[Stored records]
"""

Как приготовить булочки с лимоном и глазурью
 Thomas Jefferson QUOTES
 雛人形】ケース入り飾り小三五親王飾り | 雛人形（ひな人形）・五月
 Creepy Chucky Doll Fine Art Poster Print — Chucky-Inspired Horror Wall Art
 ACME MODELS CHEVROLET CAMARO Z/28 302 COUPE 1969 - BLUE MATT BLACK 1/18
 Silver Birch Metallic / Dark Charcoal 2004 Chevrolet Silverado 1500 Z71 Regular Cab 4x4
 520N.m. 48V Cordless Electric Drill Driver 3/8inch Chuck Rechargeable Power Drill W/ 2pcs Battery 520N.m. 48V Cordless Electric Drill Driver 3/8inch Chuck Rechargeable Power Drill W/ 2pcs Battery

"""

Try it: Above are some lines. Repeat exactly, and only, those from the line that has "雛人形】ケース入り飾り小三五親王飾り | 雛人形（ひな人形）・五月" through the line that has "ACME MODELS CHEVROLET".

Exercise solution:
 雛人形】ケース入り飾り小三五親王飾り | 雛人形（ひな人形）・五月
 Creepy Chucky Doll Fine Art Poster Print — Chucky-Inspired Horror Wall Art
 ACME MODELS CHEVROLET CAMARO Z/28 302 COUPE 1969 - BLUE MATT BLACK 1/18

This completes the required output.